- Also known as: Russell Howard & Mum: USA Road Trip Russell Howard & Mum: Road Trip Russell Howard & Mum: Globetrotters
- Starring: Russell Howard Ninette Howard
- Country of origin: United Kingdom
- Original language: English
- No. of series: 4
- No. of episodes: 24 (list of episodes)

Production
- Production locations: United States; Thailand; Japan; South Korea; Vietnam;
- Production company: Avalon Television

Original release
- Network: Comedy Central
- Release: 19 October 2016 – 13 November 2019

= Russell Howard & Mum =

Russell Howard & Mum (known as Russell Howard & Mum: USA Road Trip in series 1 and 2, and Russell Howard & Mum: Globetrotters in series 3 and 4) is a British comedy/travel series presented by comedian Russell Howard.

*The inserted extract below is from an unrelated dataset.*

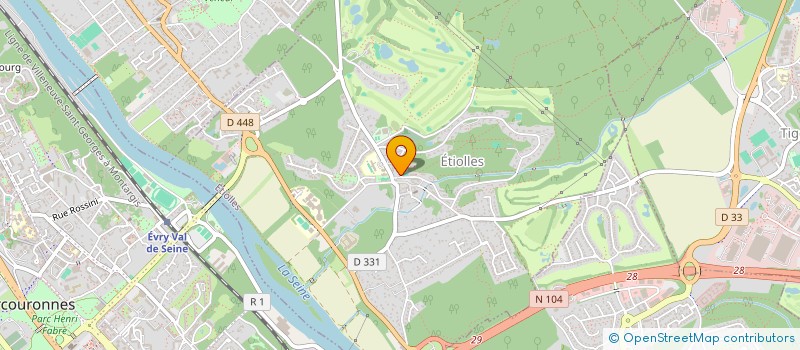 localisation de l'entreprise 424 944 445 à SAINT-RAPHAEL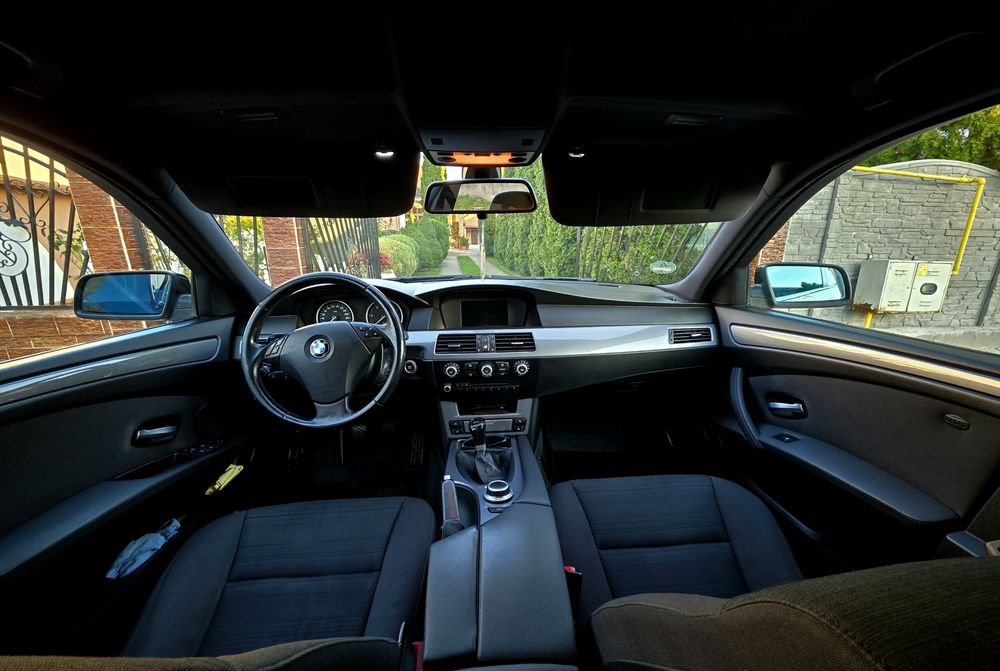 Bmw 520d e60 2007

The series was commissioned in April 2016. The first episode was broadcast on Comedy Central on 19 October 2016. A second series began on 26 March 2018.

A third series titled Russell Howard & Mum: Globetrotters began on 23 January 2019. A fourth series began on 9 October 2019

In 2021, Howard began a new travelogue series for Sky One called Russell Howard Stands Up To The World, which saw the comedian on tour in Australia and New Zealand, where he met Sam Neill and tried the manu bomb diving manoeuvre.

==Premise==
The series features Howard and his mother, Ninette, travelling across America and meeting people with unusual hobbies and obsessions.